YOUR GOAL: Pictures in the entries below are excluded; copy only the lines from the one containing "Banco Mostrador para" to the one containing "Suministro Transfronterizo Al", both included.

MATERIAL FOR THIS TASK:
*** Block opens ***

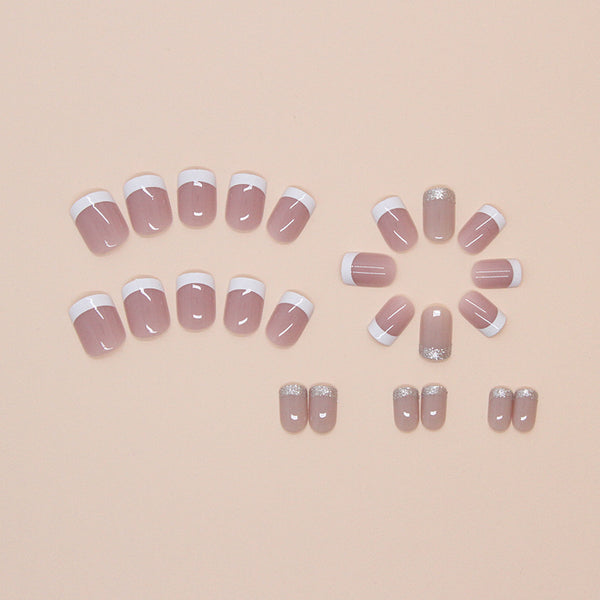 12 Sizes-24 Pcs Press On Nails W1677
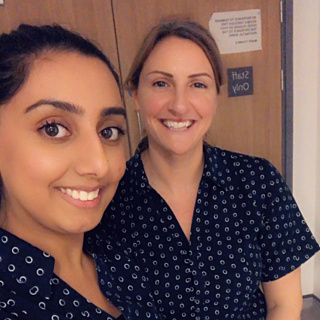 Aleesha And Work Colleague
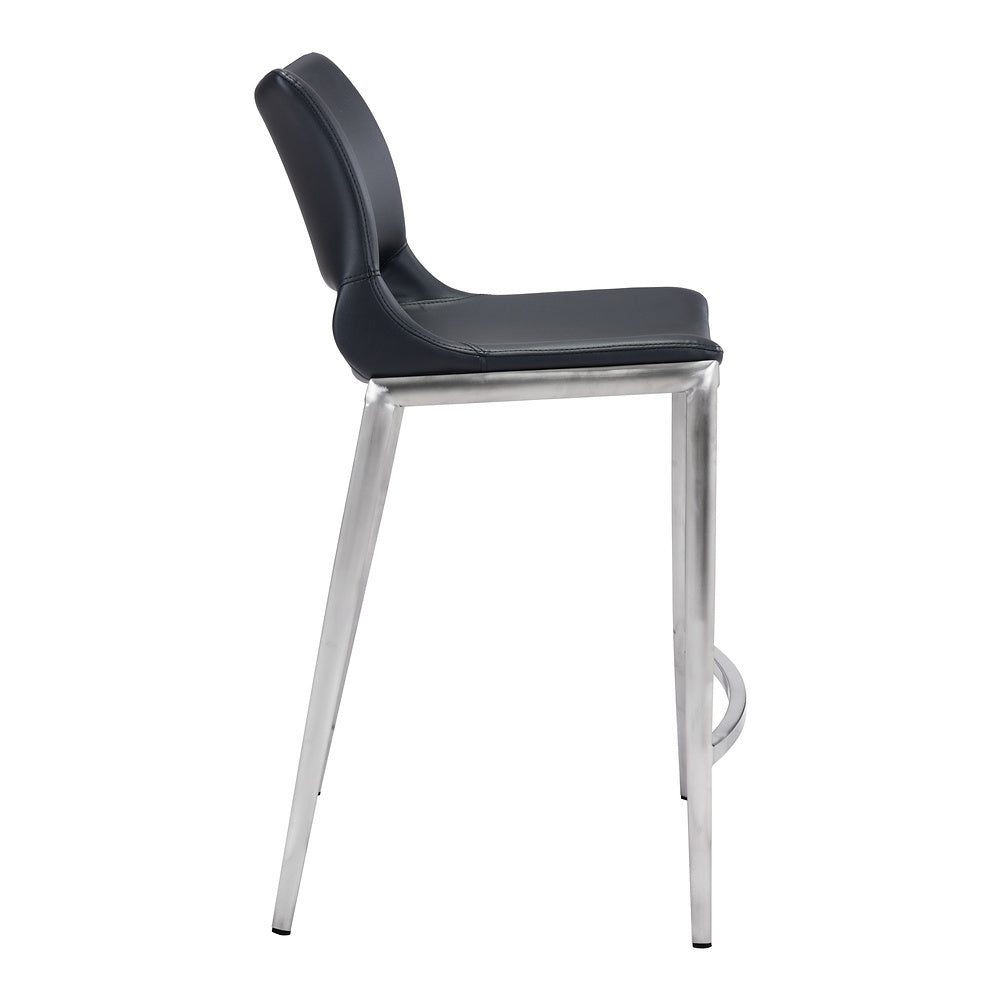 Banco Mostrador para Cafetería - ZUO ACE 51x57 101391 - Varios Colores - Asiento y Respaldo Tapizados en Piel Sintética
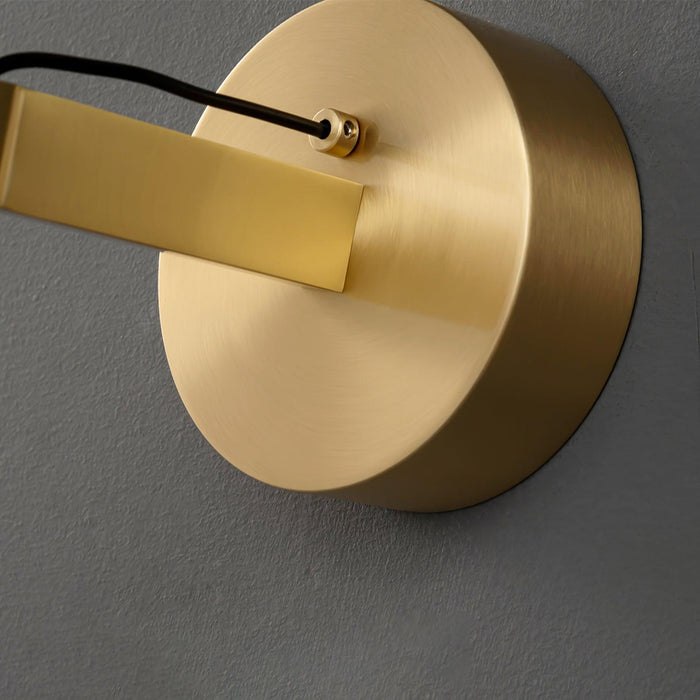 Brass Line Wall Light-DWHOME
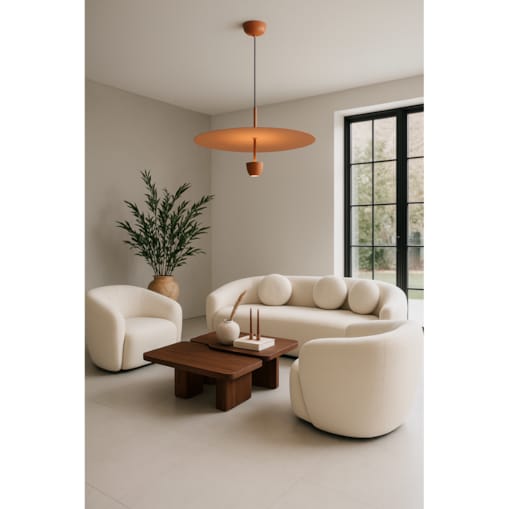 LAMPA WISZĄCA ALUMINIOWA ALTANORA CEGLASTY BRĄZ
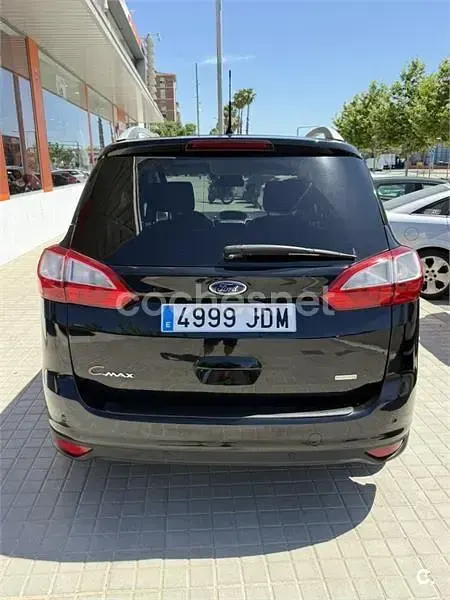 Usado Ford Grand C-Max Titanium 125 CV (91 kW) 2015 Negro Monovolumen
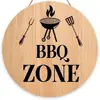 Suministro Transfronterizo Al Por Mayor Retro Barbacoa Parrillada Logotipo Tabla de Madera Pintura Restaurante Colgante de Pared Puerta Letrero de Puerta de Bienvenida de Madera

*** Block closes ***
*** Block opens ***

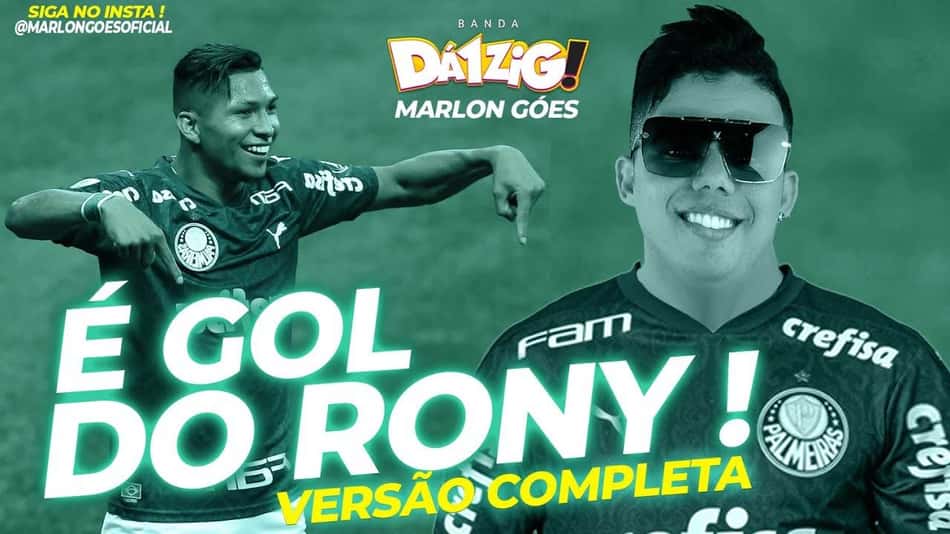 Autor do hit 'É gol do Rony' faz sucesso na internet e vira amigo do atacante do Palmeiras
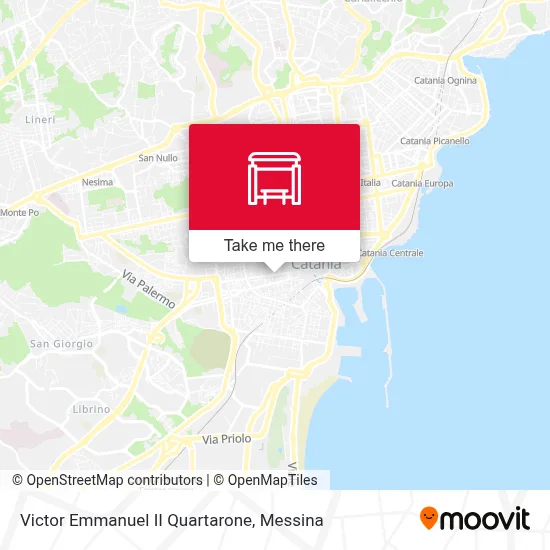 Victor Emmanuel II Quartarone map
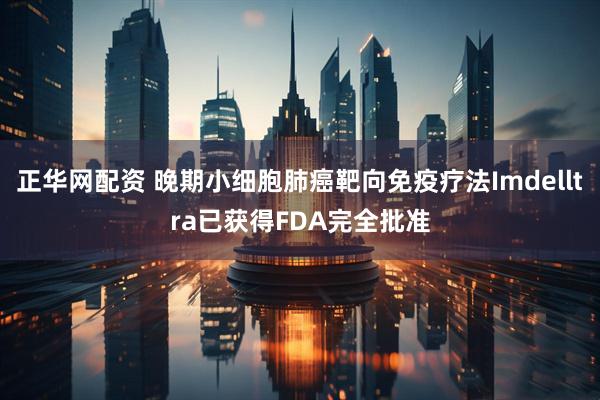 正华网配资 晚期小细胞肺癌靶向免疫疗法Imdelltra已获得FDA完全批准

*** Block closes ***
*** Block opens ***

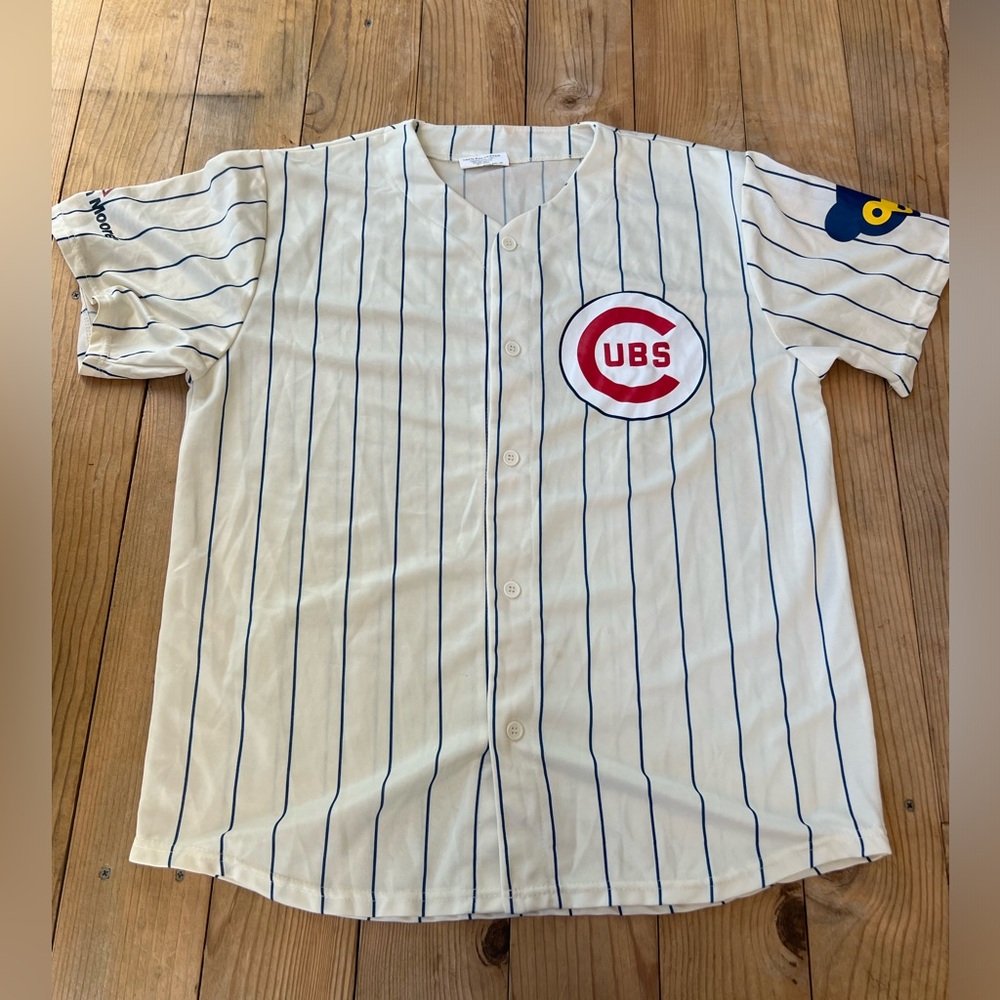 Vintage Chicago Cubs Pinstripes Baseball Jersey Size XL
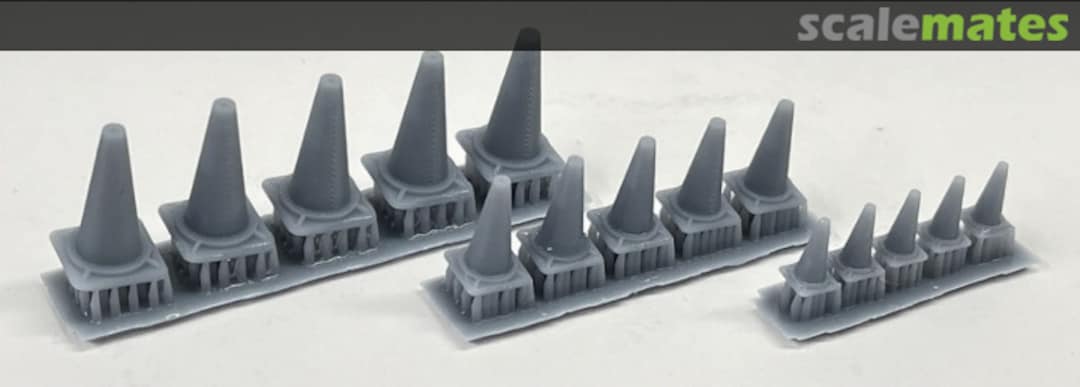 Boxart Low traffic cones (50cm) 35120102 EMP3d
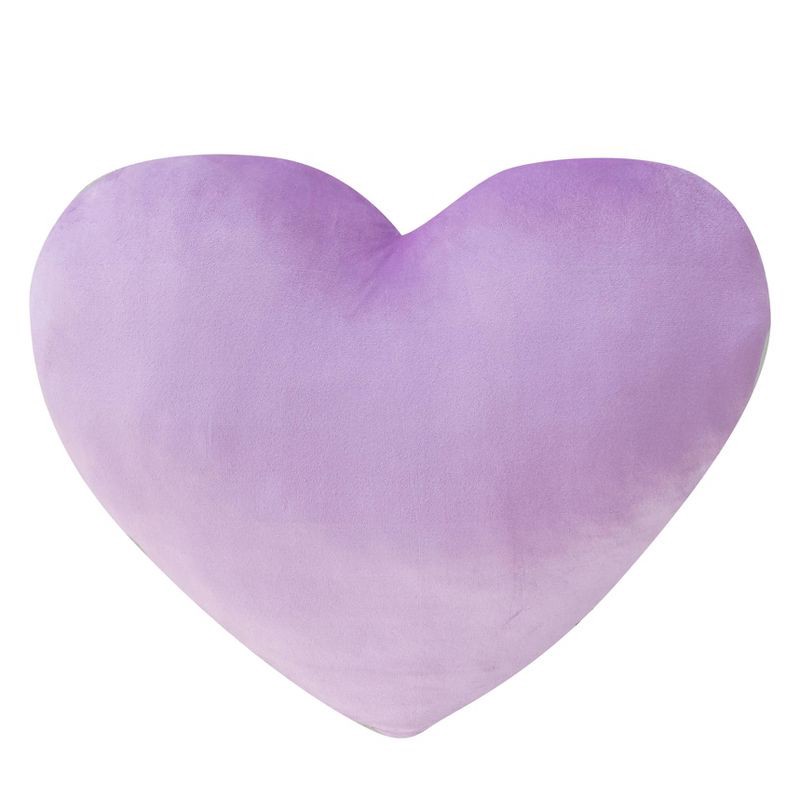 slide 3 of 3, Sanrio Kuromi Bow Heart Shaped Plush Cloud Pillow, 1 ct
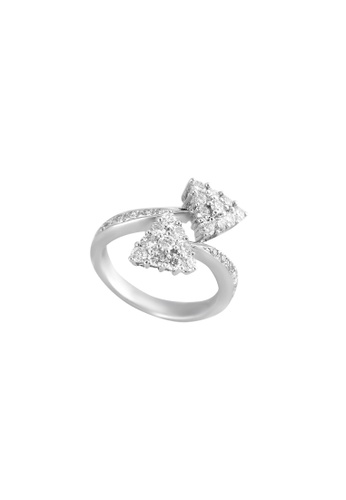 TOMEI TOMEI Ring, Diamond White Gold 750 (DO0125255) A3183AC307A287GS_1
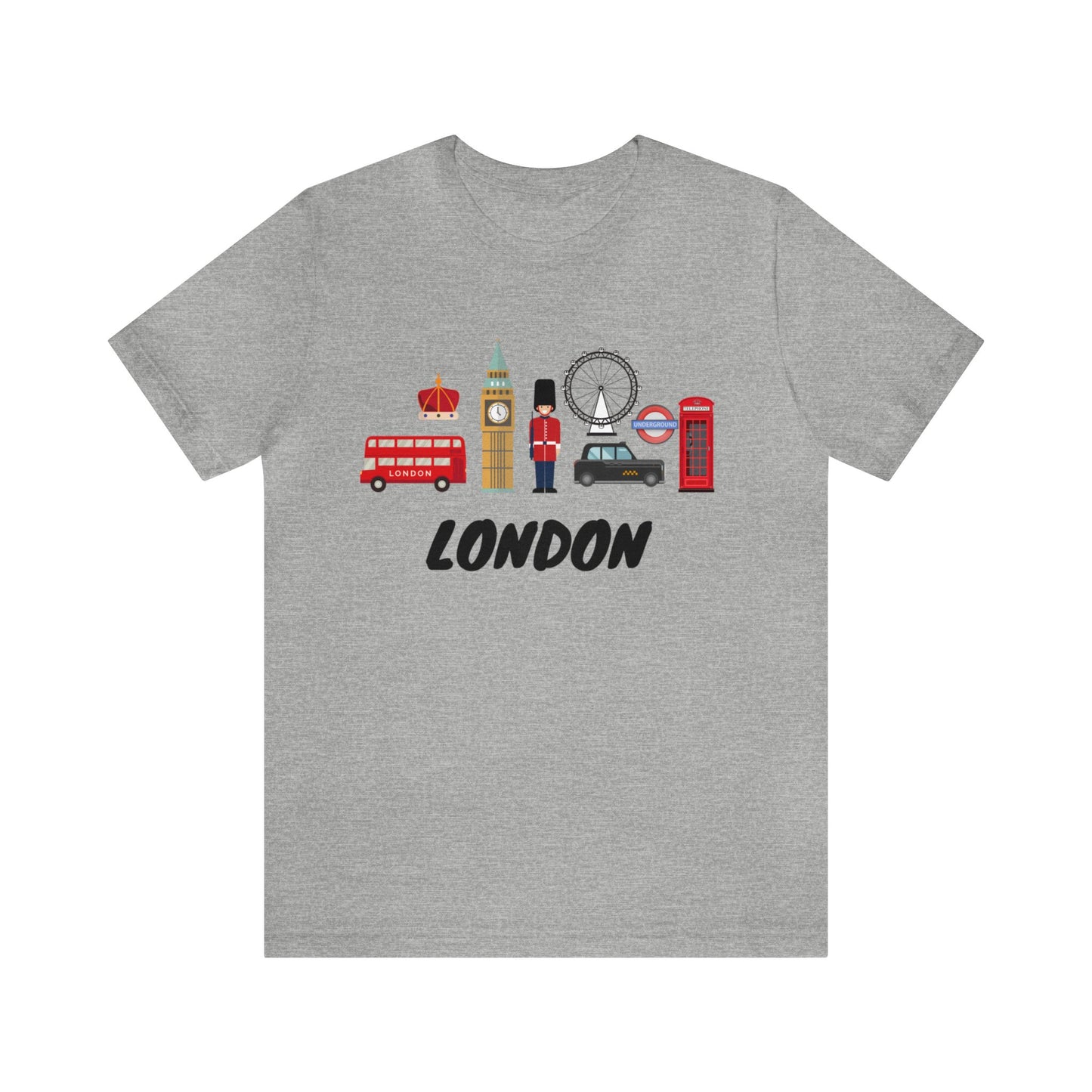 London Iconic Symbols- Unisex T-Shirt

*** Block closes ***

TASK RESULT:
 Banco Mostrador para Cafetería - ZUO ACE 51x57 101391 - Varios Colores - Asiento y Respaldo Tapizados en Piel Sintética
 Brass Line Wall Light-DWHOME
 LAMPA WISZĄCA ALUMINIOWA ALTANORA CEGLASTY BRĄZ
 Usado Ford Grand C-Max Titanium 125 CV (91 kW) 2015 Negro Monovolumen
 Suministro Transfronterizo Al Por Mayor Retro Barbacoa Parrillada Logotipo Tabla de Madera Pintura Restaurante Colgante de Pared Puerta Letrero de Puerta de Bienvenida de Madera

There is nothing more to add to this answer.